## Problem statement
The listing below must be repeated word for word, without its pictures.

## Exercise data
◇ ◇ ◇ ◇ ◇ ◇ ◇

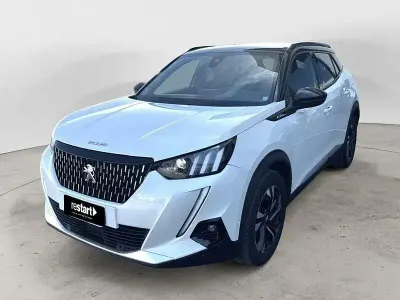 Usata Peugeot 2008 GT-line 131 CV (96 kW) 2020 Bianco SUV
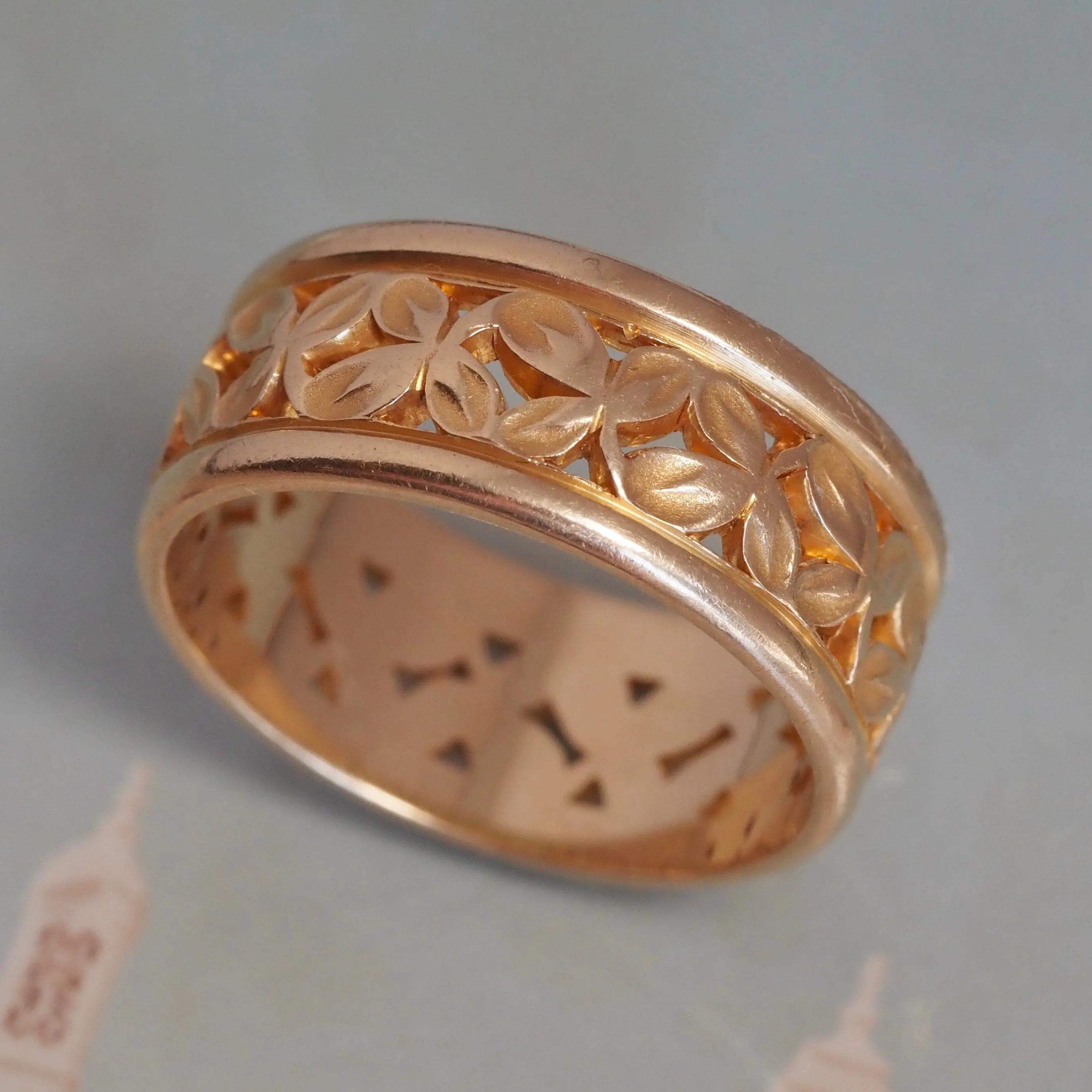 Antique 14k Gold Floral Wide Band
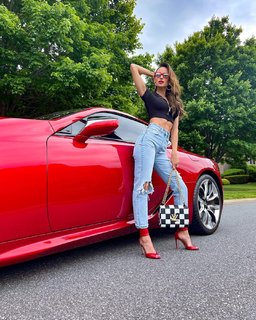 Samantha Busch feet photo 4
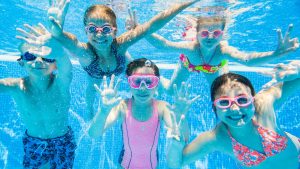 Can Kids Catch Lice from a Swimming Pool?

◇ ◇ ◇ ◇ ◇ ◇ ◇

## Answer to this task
 Usata Peugeot 2008 GT-line 131 CV (96 kW) 2020 Bianco SUV
 Antique 14k Gold Floral Wide Band
 Samantha Busch feet photo 4
 Can Kids Catch Lice from a Swimming Pool?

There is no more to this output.